Michels was the highest-ranked contractor to bid on the project, with the lowest overall cost. Aecon Infrastructure Management came in second, with a price tag of $116 million.
The aim of the pipe project is to meet the demand for regional drinking water by linking the Coquitlam Water Treatment Plant with a new pipe to go into the ground in four major sections:
- Robson to Guildford Section: 2023–2026
- Pipeline Road North Section: 2026–2030
- City Centre Tunnel Section: 2026–2031
- Cape Horn Section: 2024–2030
Construction of the 12-km long pipe, measuring up to 3.5 m in diameter, is set to end in 2030 — a year later than scheduled.
The design of 1.5-km southern section will start later this year before the City of Coquitlam begins to widen Pipeline Road, from David Avenue to Guildford Way, as part of a municipal area upgrade.
Last January, Metro's water committee awarded a $15.7-million US contract for the supply and delivery of the southern section of the steel pipe. The Washington-based Northwest Pipe Company won the bid, and the pipe will be built at the company’s southern California facility.
Currently Coquitlam Lake supplies 33 per cent of the region’s drinking water.
Information about the Coquitlam Main No. 4 project is available via Metro Vancouver's community liaison at 604-432-6200 (Monday to Friday, 8 a.m. to 4:30 p.m.).
Meanwhile, the water committee, which includes Coquitlam Coun. Craig Hodge, heard this week about climate impacts on the region’s water supply areas: Capilano, Seymour and Coquitlam.
The June 2021 heatwave and the 2022 fall drought highlighted the need for environmental monitoring, as well as accurate weather and water supply forecasts, the Metro report reads.

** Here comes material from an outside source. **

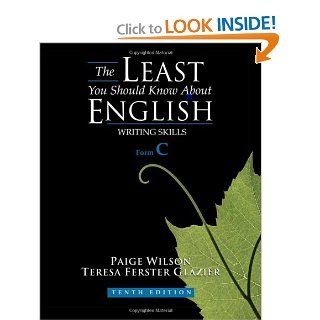The Least You Should Know About English: Writing Skills, Form C (9780495902867): Paige Wilson, Teresa Ferster Glazier: Books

The Coquitlam Glacier — the last in the region’s water supply areas, but not a significant source of drinking water — has shrunk 20 per cent since 2014 and lost an average depth of more than 10 m due to rising air temperatures, longer snow-free seasons and ash deposits from wildfire smoke, such as at Minnekhada Regional Park last October.
“As glaciers get smaller their melt rate tends to increase; however, the Coquitlam Glacier has seen a five-fold increase in melt rates since 2018, which is much greater than normal. This glacier will likely disappear completely within the next 20 to 30 years,” the Metro committee report reads.